#### WORK TO COMPLETE:
Entries below include pictures. Output exactly the lines from the one with "Steering Gear 07964 FEBI, Image 3" down to the one with "سنسور نوری UC55PCV3", both ends included, and leave the pictures out.

#### EXTRACTED ENTRIES:
****

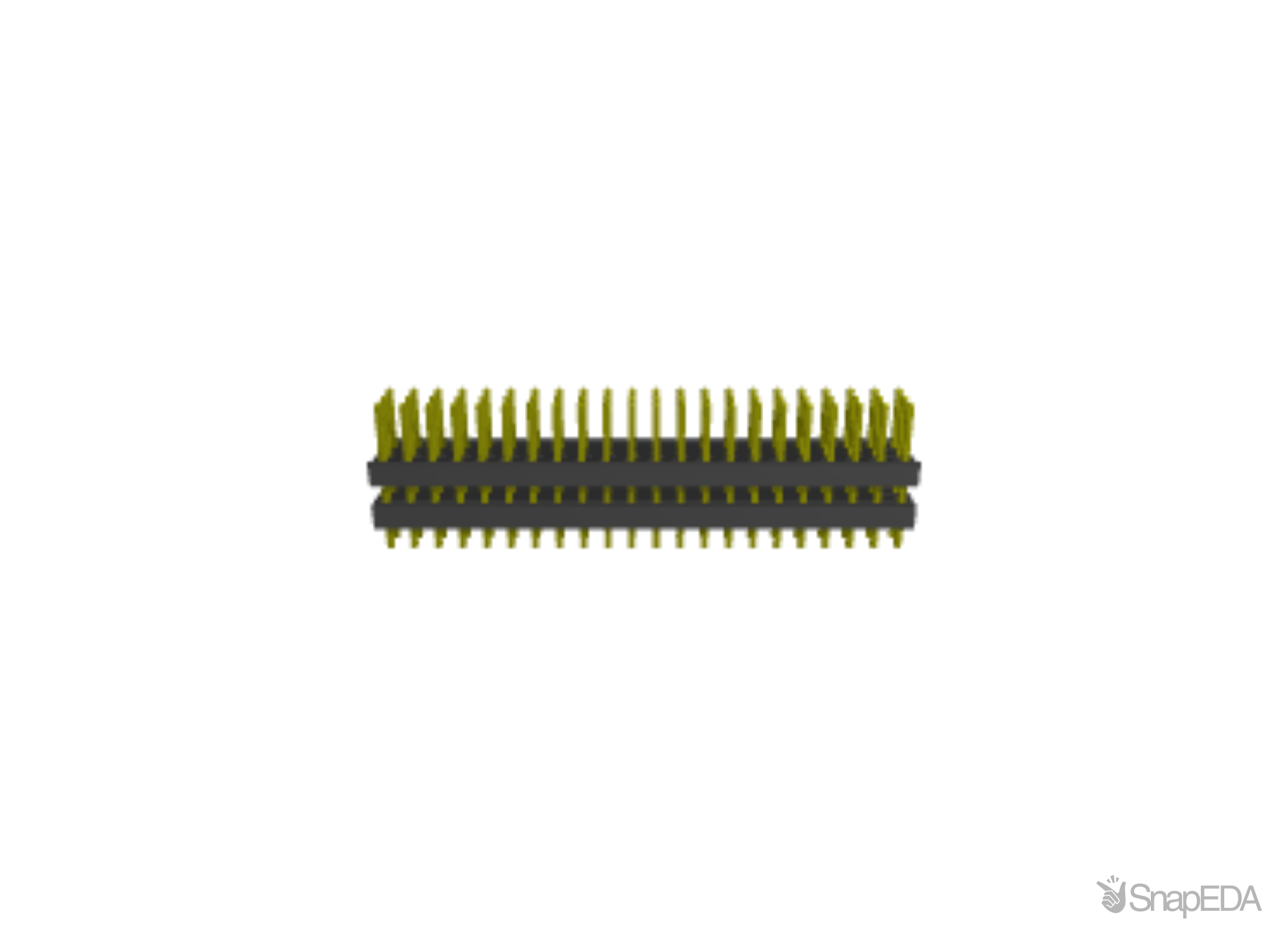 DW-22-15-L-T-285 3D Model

****

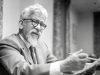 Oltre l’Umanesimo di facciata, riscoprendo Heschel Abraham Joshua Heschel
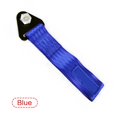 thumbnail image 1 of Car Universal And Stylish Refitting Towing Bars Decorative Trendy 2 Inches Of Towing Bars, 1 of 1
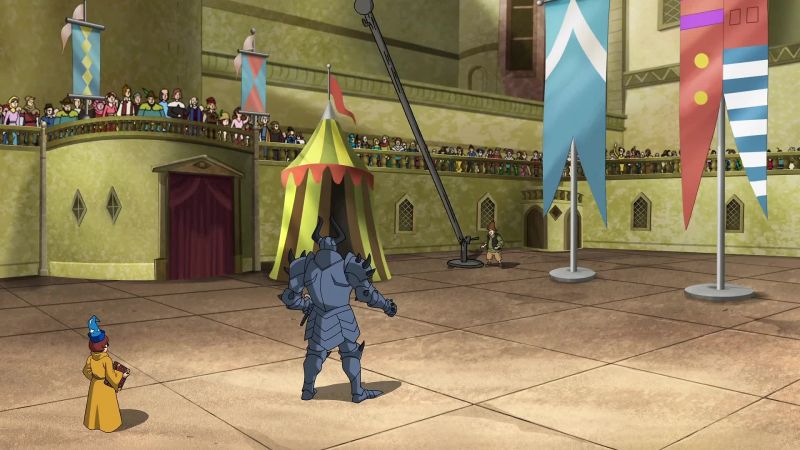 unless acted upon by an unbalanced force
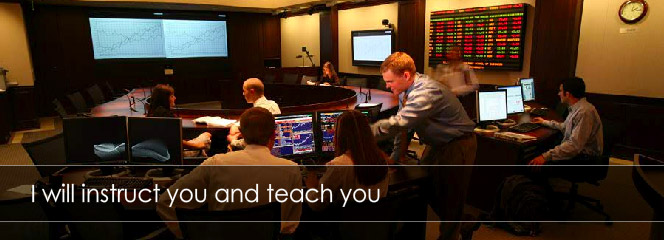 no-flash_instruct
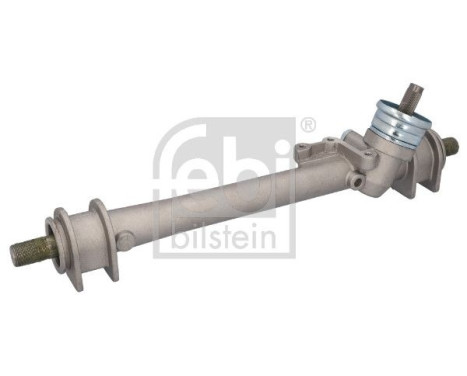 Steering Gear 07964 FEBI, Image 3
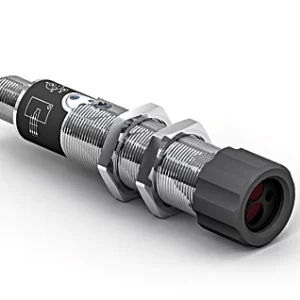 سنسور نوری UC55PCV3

****

#### ANSWER BELOW:
 Steering Gear 07964 FEBI, Image 3
 سنسور نوری UC55PCV3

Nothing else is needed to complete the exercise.